DRA Integration Brings GPU Claims to the Workload Level

Dynamic Resource Allocation (DRA) gets two notable advances in v1.36. DRA AdminAccess for ResourceClaims graduates to GA, giving privileged consumers — monitoring agents, cluster services — a defined path to access device resources without user-level claim semantics. DRA Partitionable Devices, covering GPU slicing and MIG profiles, moves to Beta.

Critically for AI teams, ResourceClaim support at the Workload level means GPU and specialised hardware can be declared once per workload rather than repeated per pod. Combine that with gang scheduling's quorum enforcement and a training run either acquires the full GPU allocation or waits — it does not start half-provisioned and waste compute.

Security Hardenings That Reach GA

Three security features cross the stable line in this release.

User Namespaces is now GA after years in alpha and beta. A process running as UID 0 inside a container maps to an unprivileged host user — so a container escape no longer lands the attacker as root on the node. This is a meaningful default hardening for any cluster running multi-tenant workloads.

Mutating Admission Policies, using the Common Expression Language (CEL), reach GA and are enabled by default in v1.36. Teams can now express mutation logic as native Kubernetes objects instead of maintaining out-of-process webhook servers — fewer moving parts, no webhook latency, and no additional TLS endpoint to secure.

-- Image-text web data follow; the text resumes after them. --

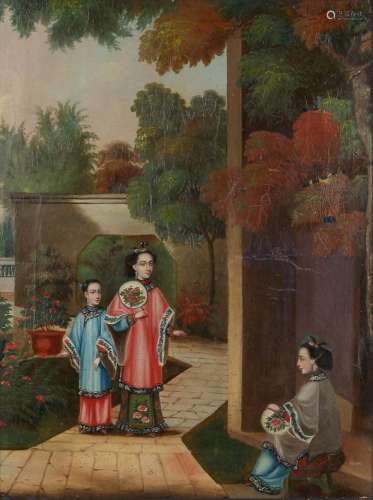 Chinese school (mid 19th century) - THREE FIGURES IN GARDENS - oil on canvas, 15.2 by 11.3ins. (38.6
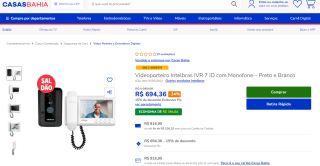 Videoporteiro da Intelbras, modelo IVR 7 ID com Monofone – R$ 694,36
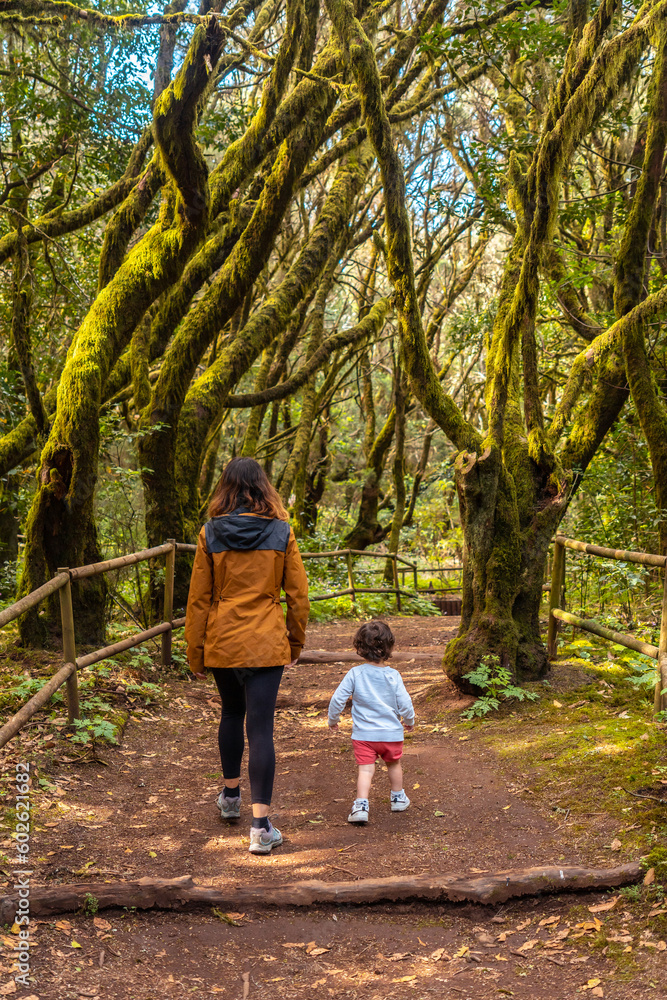 Mother and son walking in the natural park of Garajonay in La Gomera, Canary Islands Mother and son walking in the natural park of Garajonay in La Gomera, Canary Islands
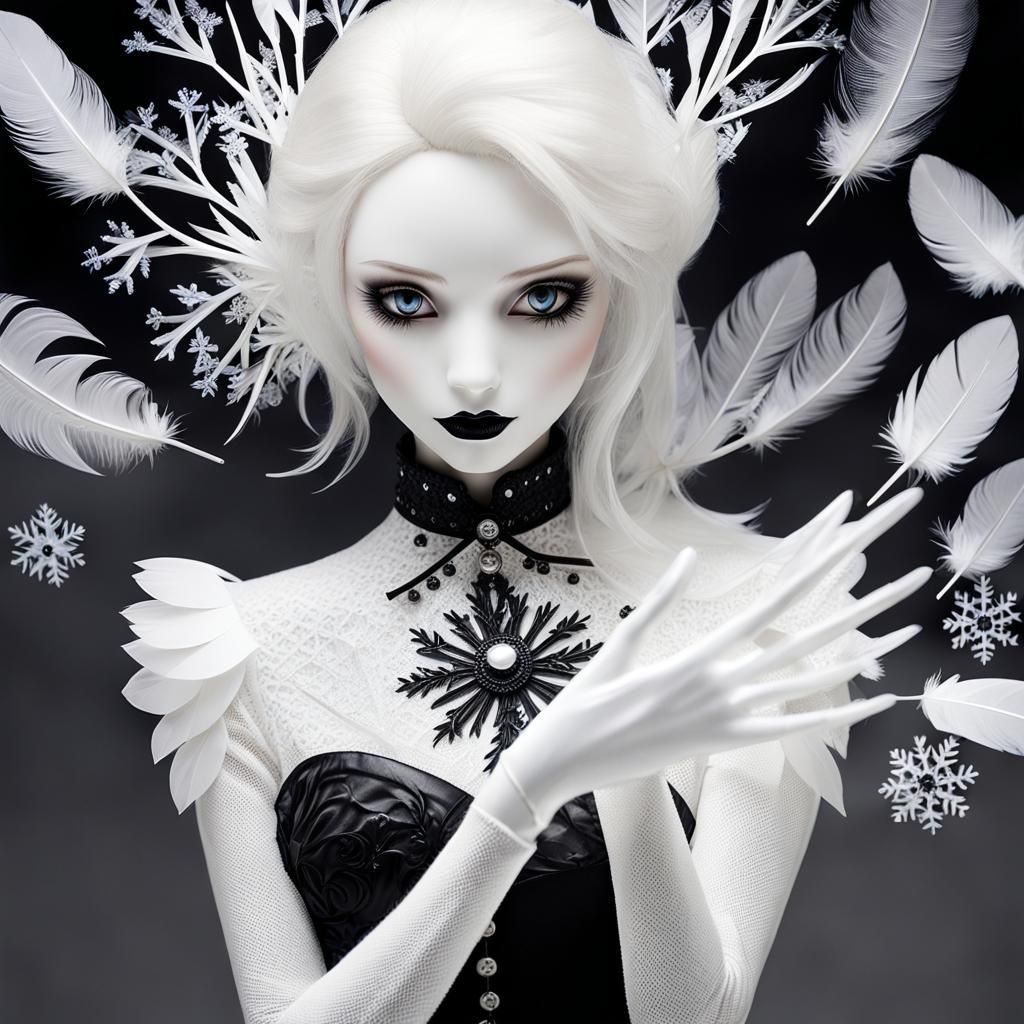 Wow chibi goth doll  photogram, rayograph by  (A human  hand...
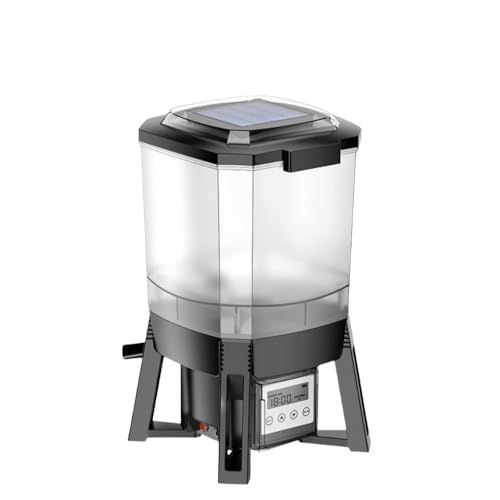 AOUCN 魚の自動給餌器,水槽、ソーラー給餌器、鯉の池、スマートタイマー給餌、屋外の大きな池 (CFF-206(ソーラーエネルギー))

Fine-Grained Kubelet API Authorisation also reaches GA, letting operators scope which components can call which kubelet endpoints rather than relying on coarse node-wide permission.

What the 70-Enhancement Count Signals

70Total enhancements in v1.36
18Graduating to Stable (GA)
25Moving to Beta
25New Alpha features

The breadth — 70 enhancements across stable, beta, and alpha — reflects a release that is maturing existing bets (DRA, admission policies, security primitives) while planting new alpha flags for the next cycle. For platform engineers running GPU clusters, the practical near-term step is enabling the WorkloadWithJob feature gate on non-production clusters and stress-testing PodGroup behaviour before the API moves toward beta.